EXERCISE DESCRIPTION:
An exact copy of the listing below is the answer, with the pictures removed.

DATA EXCERPT:
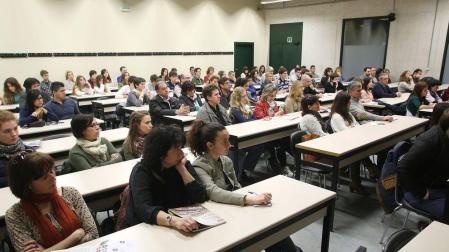 La Jornada de Puertas Abiertas de la UPNA re&uacute;ne a 500 personas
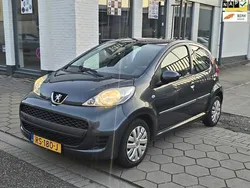 Grijs Gebruikt 2009 Peugeot 107 Hatchback | € 2.899 (Eerlijke prijs)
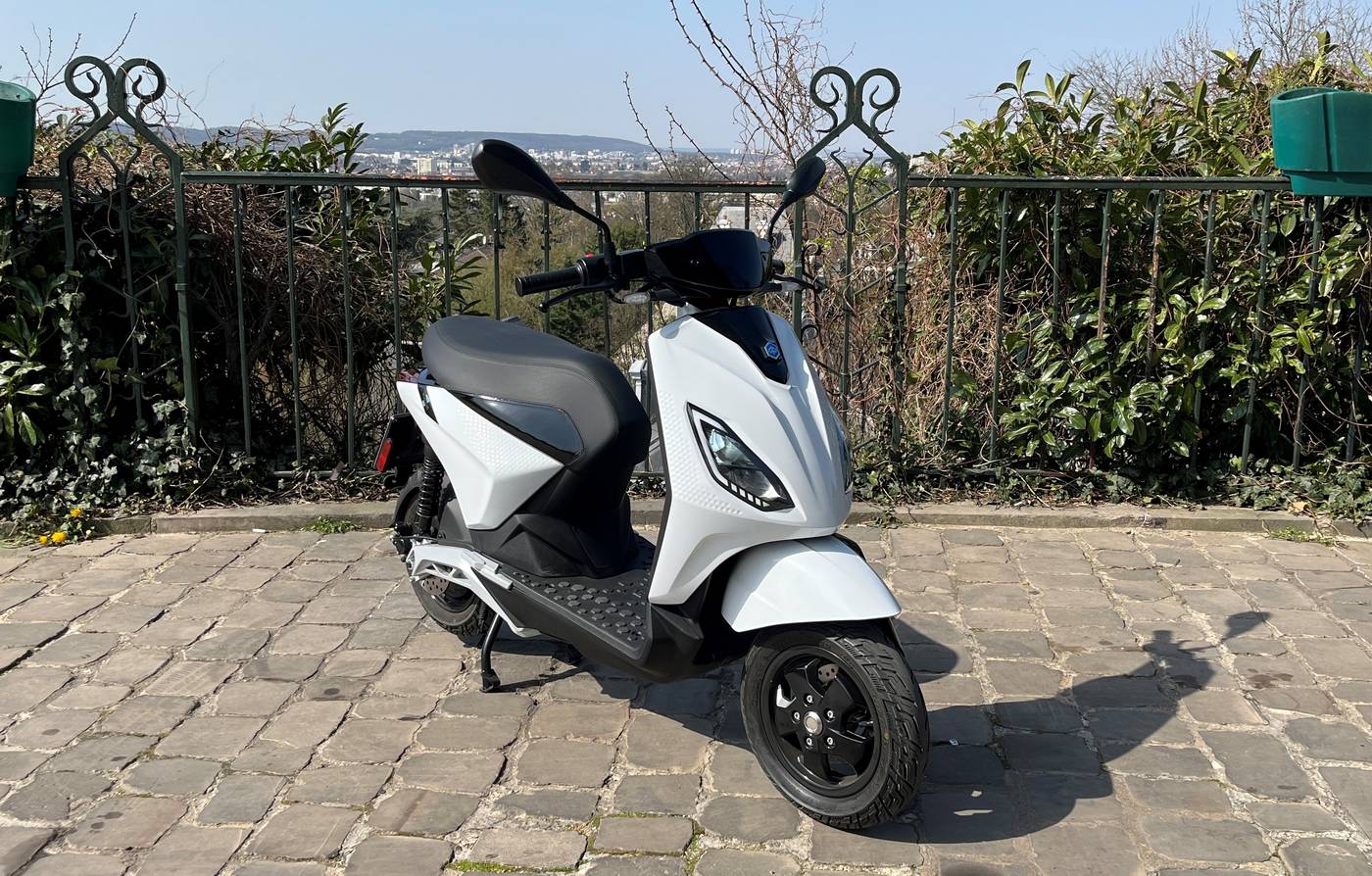 Essai vidéo Piaggio 1 Active : le scooter électrique à prix canon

SOLVED EXERCISE:
 La Jornada de Puertas Abiertas de la UPNA re&uacute;ne a 500 personas
 Grijs Gebruikt 2009 Peugeot 107 Hatchback | € 2.899 (Eerlijke prijs)
 Essai vidéo Piaggio 1 Active : le scooter électrique à prix canon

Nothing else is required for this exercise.